Although a few low end channel partners have effectively dropped Nortel, its six largest partners, accounting for more than 90 percent of it channel sales, have stayed loyal. The biggest by far is BT which has continued to sell Nortel while playing footsie with Avaya for some time.

As Neil Sutton, VP of Global Portfolio at BT Global Services comments on the Avaya acquisition: “This is a positive step and we look forward to the conclusion of the deal. We believe that if the deal goes through then this would be good news for customers, who would benefit from the broadened range of compelling solutions provided by BT.”

Other partners like Intrinsic Technology, Proximity Communications, Vodaphone, Kingston Technologies have all stayed loyal, at least publically.

Although Adam Jarvis sales director at Intrinsic technologies thinks Nortel, “was rash to seek protection under chapter 11 as demand has seemed to recover this year,” he believes that most of the channel partners stayed with Nortel because they had to for the sake of customers – and because Nortel kit is both profitable to sell and technically excellent. Of his 250 Nortel customers including United Utilities, Barclays Bank and Manchester City Council, he can list scores that have run for many years without a minute of outage or performance issue. “Yes there is a premium but its pretty well bombproof,” he adds. “With Nortel you truly get what you pay for.”

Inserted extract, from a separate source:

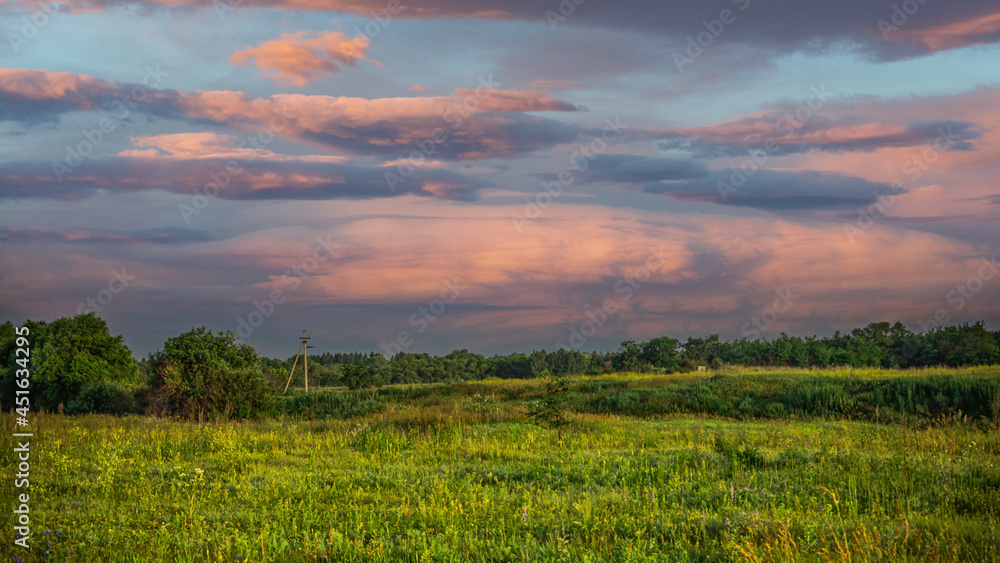 wildlife landscape in the russian federation wildlife landscape in the russian federation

Even during the worst of Nortel’s recent troubles, only two customers have approached Intrinsic to discuss changing technology vendors. “We have talked and reassured all of them and there is no panic.”

Where Jarvis does see a problem is in green-field sites due to the current negative press around Nortel, “We often come an honourable second place,” he explains. Jarvis describes situations where the firm’s proposed Nortel solution is technical better or closer to the customers’ requirements but they are unsure about Nortel’s future so instead go with an inferior rival solution.

Darren Boyce, CEO of Proximity Communications has also run into a similar situation with new business around Nortel. Proximity includes clients such as the Daily Telegraph and Admiral Insurance amongst its 226 larger Nortel customers. He now makes it a point now to tell prospective upfront how they see the Nortel position and find out of it will be a problem before they advance into a full scale pitch.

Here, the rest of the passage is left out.